The days when it cost around $1600 return – dearer than the current best fares to Europe – are long gone. If you’re prepared to book three months ahead, the best you can get from Sydney or Melbourne to Johannesburg is about $2000 return. If you want to go next week (still in the low season before Christmas), you’re lucky if you can get out of it for under $4000 return.
This is a direct result of the fact that the only two airlines on the route decided to divide up the market between themselves a decade ago, with Qantas running a daily Sydney-Johannesburg flight and South African Airways running six or seven a week from Perth to Jo’burg.

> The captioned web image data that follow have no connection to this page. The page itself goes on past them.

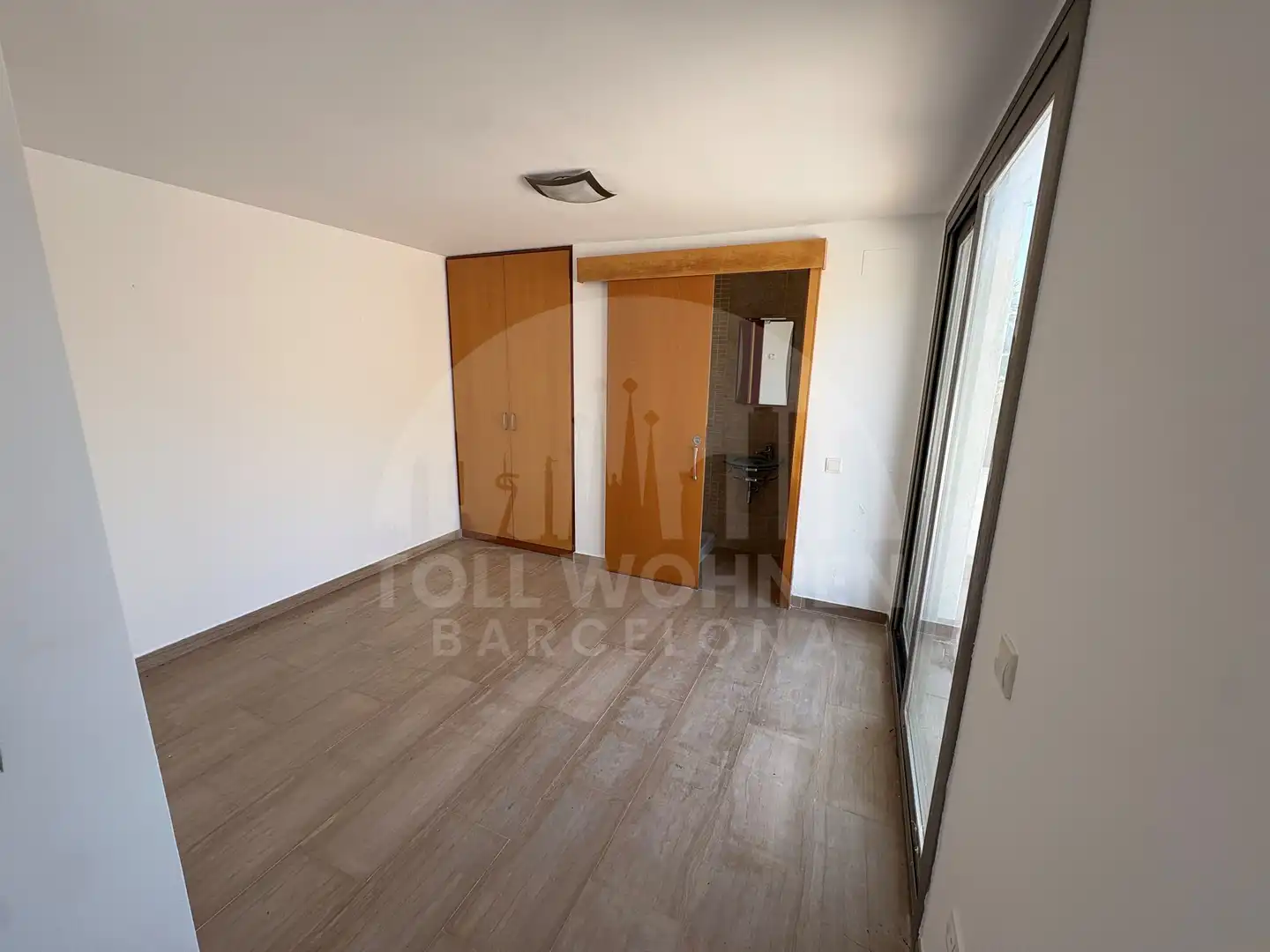 Maison mitoyenne avec terrasse à vendre à Carrer Eramprunya, imagen 82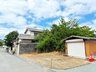 7DK Detached House with Large Land in Fukuzaki, Hyogo for 9.8M Yen - Thumbnail 2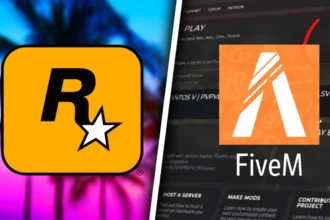 Rockstar Games Release New Update To Support FiveM, PC Game Pass, Discord And More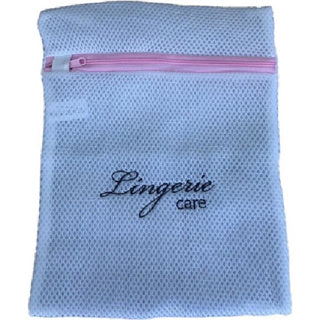 Sac à linge pour linge délicat 26x36 cm | 12 pièces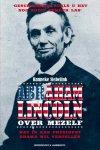 Hanneke Siebelink 72912 - Abraham Lincoln, Over Mezelf Wat ik aan president Obama wil vertellen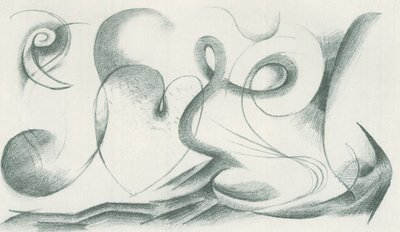 Cuori da Franz Marc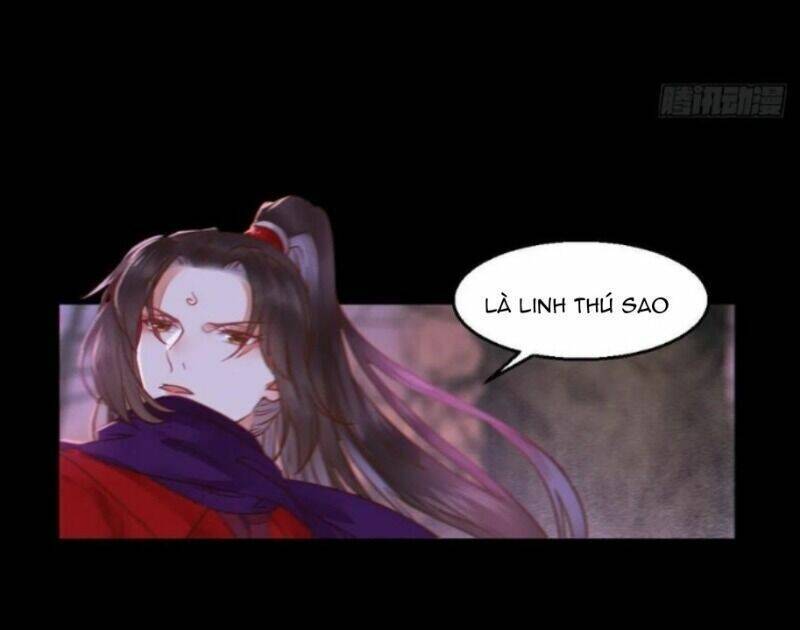 Tuyệt Sắc Quyến Rũ: Quỷ Y Chí Tôn: Chapter 312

It didn’t matter that SAA and Qantas were in opposite commercial camps, Qantas a member of the oneworld alliance and SAA in the Star alliance. They simply buried the hatchet for the sake of commercial expediency and profits.

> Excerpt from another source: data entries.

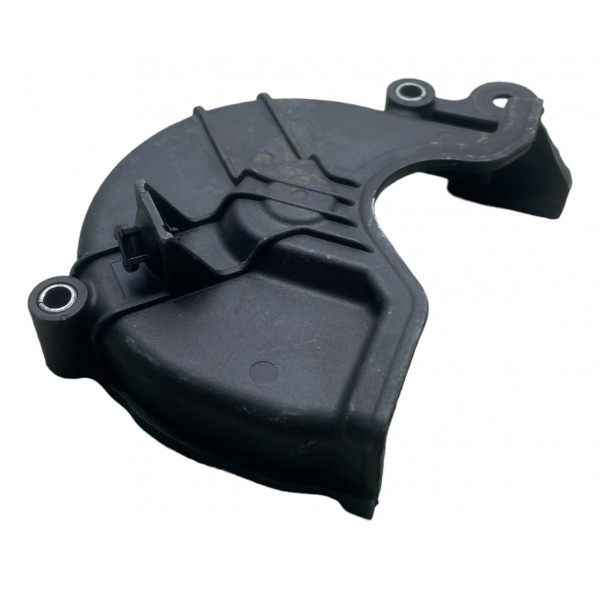 Tampa Correia Bomba Agua Vw Up Take 1.0 2018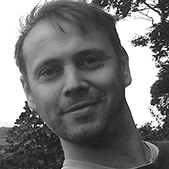 Håkon Andreas Jensen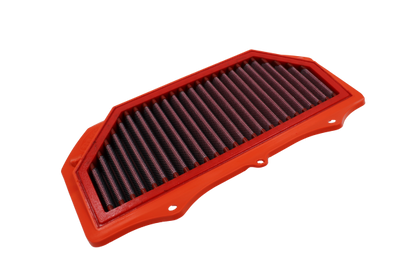 BMC Air Filter for Suzuki GSX-R 750 - FM628/04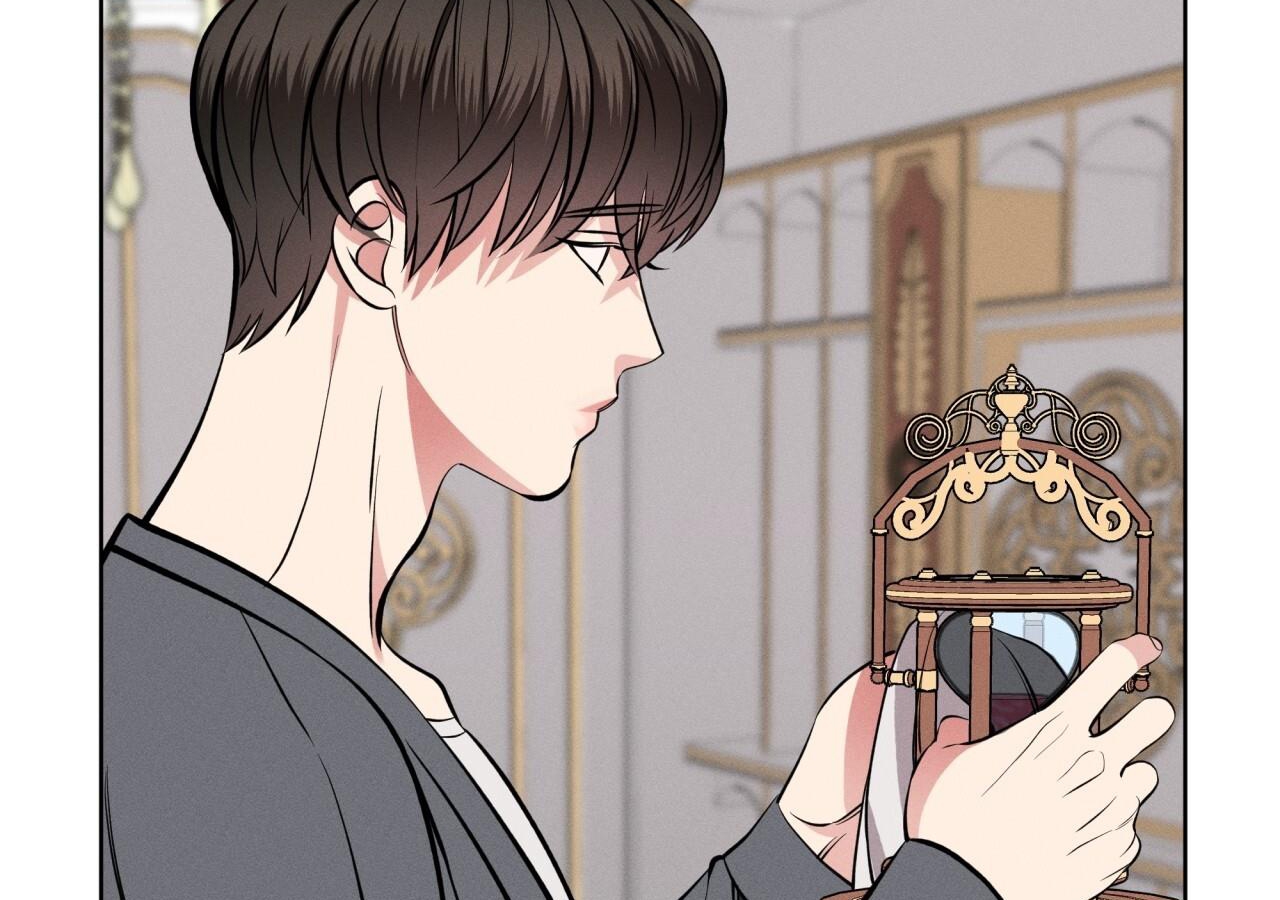 luân đôn trong màn đêm chapter 14 67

The commercial flying business, generally speaking, is the most brutally competitive in the world, but airlines will rush to sign up for an anti-competitive money-earner in a heartbeat.
Five years ago, Qantas was boasting about its near-monopoly on Australia-US routes. Former chief executive Geoff Dixon even said he didn’t think Australians would begrudge the airline its nice little earner on the South Pacific route, which was raking in $100-$200 million a year in profits.
Now, with proper competition, it’s a sea of red ink, but Australian travellers have long memories. Five years ago Qantas was demanding $2500 for a return ticket to the US in low season, rising to $3500 and more in times of high demand.
It was possible to save a few hundred dollars flying with Jetstar via Hawaii, but the process was time-consuming and could involve the expense of hotel rooms and layovers en route.
Now that Qantas is bleeding money on international routes, there is little public sympathy.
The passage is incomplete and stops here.